O equilíbrio

Natacha Amaro
Na sessão plenária da Convenção da semana passada, foi entregue um documento subscrito pelos representantes de vários Estados (seis membros e dez candidatos à União Europeia) com o título: «Reforma das Instituições: Princípios e postulados». Denominado pela imprensa como o «Documento dos 16», esta proposta assume-se como um conjunto de orientações gerais comuns sobre os princípios básicos e premissas que deverão estar subjacentes à reforma das instituições da União Europeia. O Estado português, pela mão e, segundo se fez saber, com a forte influência do seu representante, foi um dos subscritores deste documento que pretende ser um ponto de equilíbrio entre os chamados «Estados grandes» e «Estados pequenos» da União. Na verdade, ao analisar brevemente o contributo entregue, rapidamente se fica com a sensação de que este não é mais do que um grito desesperado (e, talvez, tardio) de um grupo de países que se vê atropelado pelos seus grandes parceiros comunitários.
O Documento dos 16 estabelece uma série de princípios-chave gerais em que se destacam: a preservação do equilíbrio institucional entre Conselho, Comissão e PE, a não criação de novas instituições, a igualdade entre os Estados Membros e a abertura e transparência entre as instituições. No entanto, os pontos que levantaram um maior alvoroço prendem-se com o reforço do papel da Comissão e a manutenção da rotatividade das presidências, contrariando abertamente as intenções e propostas dos países ditos “grandes” que pretendem um reforço do Conselho e a eleição de um Presidente da União Europeia.

A Convenção

Da Convenção já se falou sobejamente, em anteriores artigos.
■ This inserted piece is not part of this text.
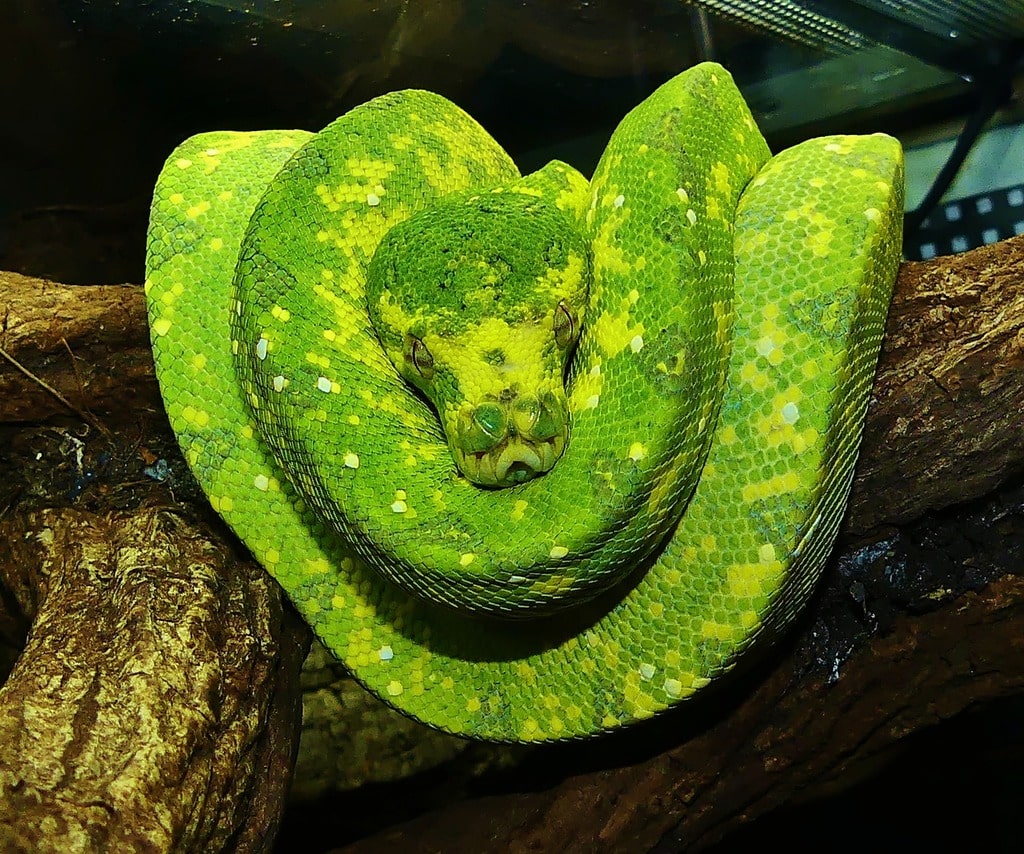 Morelia Viridis Padaido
Mais do que uma vez se repetiu a total discordância relativamente à forma escolhida para o debate (o plenário «democrático» onde não estão representadas todas as forças políticas com assento em cada parlamento nacional nem todas as componentes políticas eleitas para o Parlamento Europeu), o carácter das próprias questões colocadas em cima da mesa (o amplo destaque dado à defesa, à acção externa da União ou à governação económica em detrimento das assimetrias regionais, da coesão económica e social, da inclusão social, entre outras) ou ainda as metas mais ou menos claramente estabelecidas (uma Constituição para a União Europeia, um Estado Federal, a supremacia do direito europeu ao direito constitucional nacional).
Os membros da Convenção de nacionalidade portuguesa resumem-se ao representante do Estado português, dois representantes da Assembleia da República e um eurodeputado português em representação do grupo a que pertence, havendo ainda membros suplentes. Participam também nos trabalhos António Vitorino, representante da Comissão Europeia, e João Cravinho, como observador. Esta é uma amostra da apregoada representatividade da Convenção, não só em termos nacionais como também das instituições representadas, quando se discute e aponta o que deverá ser o futuro da Europa.
Assim, é no mínimo curioso quando nos deparamos, no dito Documento dos 16, com recomendações sobre o reforço da participação dos parlamentos nacionais nos assuntos europeus, quando todo o processo da Convenção assenta na ultrapassagem das competências desses mesmos parlamentos e dos governos dos Estados membros na definição e prossecução do processo de integração europeia. Também é de apontar a exigência da rotatividade das presidências quando se perfila no horizonte a possibilidade de uma Constituição para a União Europeia, a que se submetem os Estados Membros e respectivas constituições, e um Estado federal único.
Que igualdade se pretenderá nesta União, quando existem «pequenos» e «grandes» Estados, e em que os primeiros se têm que fazer ouvir por meio de contributos escritos e recolha de assinaturas de apoio? Qual o equilíbrio possível entre Estados que, independentemente do seu tamanho, não se conseguem concertar e agem unilateralmente, como foi o caso de Portugal, relativamente a uma questão tão sensível como a guerra no Iraque? Na proposta apresentada, e apesar de conter questões importantes e de alguma forma positivas não fossem as contradições subjacentes à actuação do governo português, não se vislumbra qualquer intenção de auscultação dos destinatários das políticas que tão fervorosamente defendem: os povos. A tentativa da defesa dos seus direitos como Estados deveria passar, obrigatoriamente, por ouvir a voz dos povos da Europa, por saber qual a sua opinião relativamente a um texto que indubitavelmente condicionará a sua vida futura. Aí, sim, encontrar-se-ia um equilíbrio.